Time correction applied to pick

takeoff_angle

float64

Estimated takeoff angle at source

time_residual

float64

Difference between observed and theoretical travel time

horizontal_slowness_residual

float64

Residual of horizontal slowness

backazimuth_residual

float64

Residual of backazimuth

time_weight

float64

Weight assigned to arrival time

horizontal_slowness_weight

float64

Weight of horizontal slowness constraint

backazimuth_weight

float64

Weight of backazimuth constraint

earth_model_id

string

Velocity/earth model used

creation_time

timestamp[ns]

Time arrival was created

author

string

Author of arrival solution

agency_id

string

Contributing agency identifier

origin_id

string

Associated origin identifier

preferred_origin_id

string

Preferred origin for this arrival

DAS Data

To maintain consistency with the overall UTDQuake architecture, DAS data are organized using the same tabular structure as seismic data, including Networks, Stations, Events, and Picks tables. In this representation, each DAS channel is treated as an individual station.

Accordingly, an additional column, channel, is included in the Stations table to uniquely identify each sensing position along the fiber, while the station field denotes the corresponding cable system.

This design preserves compatibility with conventional seismic metadata structures while enabling representation of the extremely dense spatial sampling characteristic of DAS arrays.

Directory    Format       Description
----------   -----------  -------------------------------------------------------
networks_DAS/    *.parquet    Network metadata.
events_DAS/      *.parquet    Earthquake event catalogs per network.
stations_DAS/    *.parquet    Metadata for DAS virtual sensors associated with each cable system in the network. (See ``channel`` column for unique sensor identifiers.)
picks_DAS/       *.parquet    Seismic phase pick datasets per network.
bank_DAS/        *.zip        ObsPlus EventBank datasets, one per Network_DAS. Can be
                          read directly using ObsPlus EventBank
                          <https://niosh-mining.github.io/obsplus/versions/latest/api/obsplus.bank.eventbank.html>.

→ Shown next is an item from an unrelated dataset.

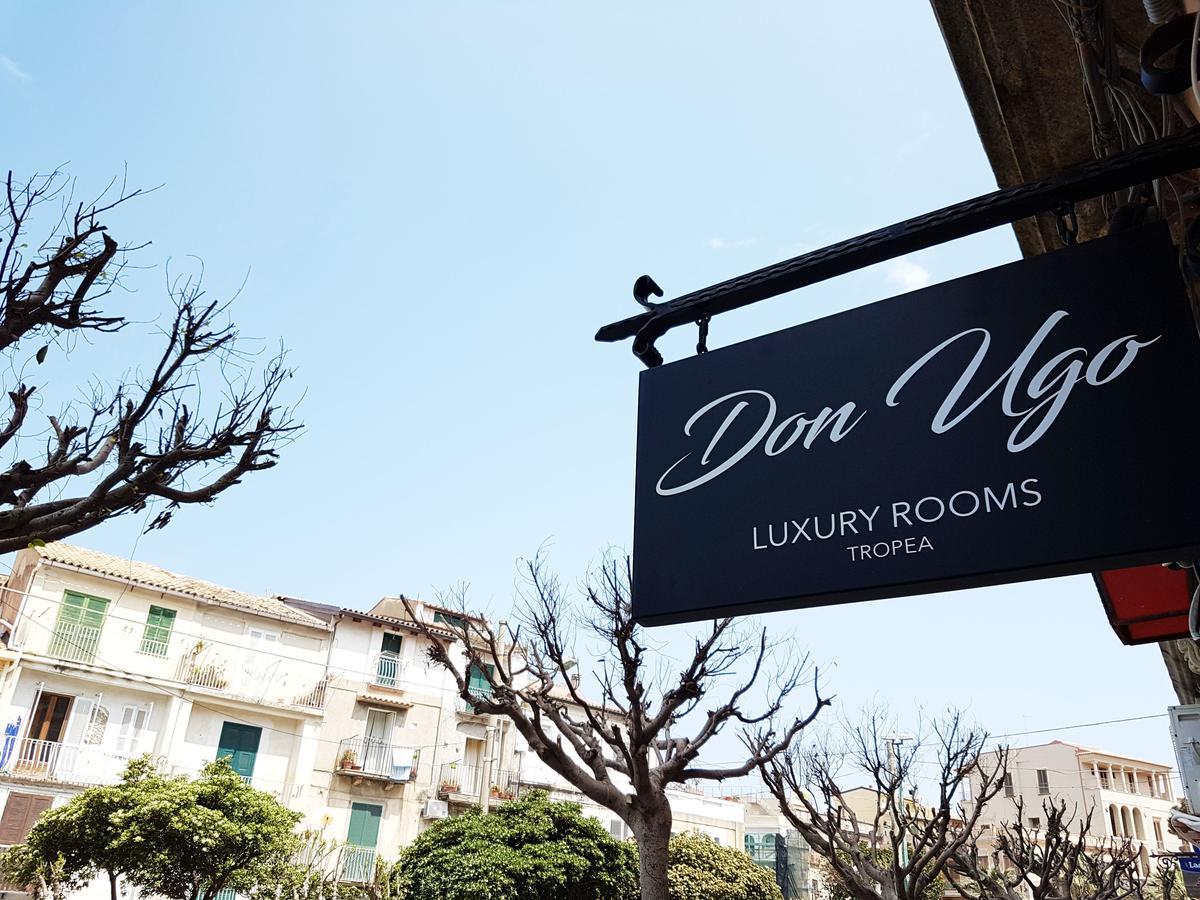 Don Ugo Luxury Rooms 트로페아 외부 사진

Each dataset is organized per network and can be explored interactively using the Hugging Face dataset viewers below.

Network_DAS

The Network_DAS dataset contains metadata describing the DAS fiber-optic acquisition system and associated project information.

In this context, one station correspond to one cable system, and the channel identifies the sensing position along the fiber.

Stations_DAS

The Stations_DAS dataset contains metadata for DAS virtual sensors associated with each fiber-optic cable system. In this representation, each DAS channel is treated as an individual station, while the station field identifies the corresponding cable system and the channel field uniquely identifies the sensing position along the fiber.

Events_DAS

The Events_DAS dataset contains earthquake metadata associated with DAS recordings. Event locations and origin information were obtained from agencies rather than being directly determined from DAS observations. For each event, theoretical travel times were computed and used to associate automatic P- and S-phase picks within a 3-second time window across DAS virtual sensors.

Picks_DAS

The Picks_DAS dataset contains seismic phase arrival picks associated with DAS virtual sensors. Each pick is linked to a specific DAS channel, enabling phase detection and timing information to be represented within the same event-pick architecture used for conventional seismic networks.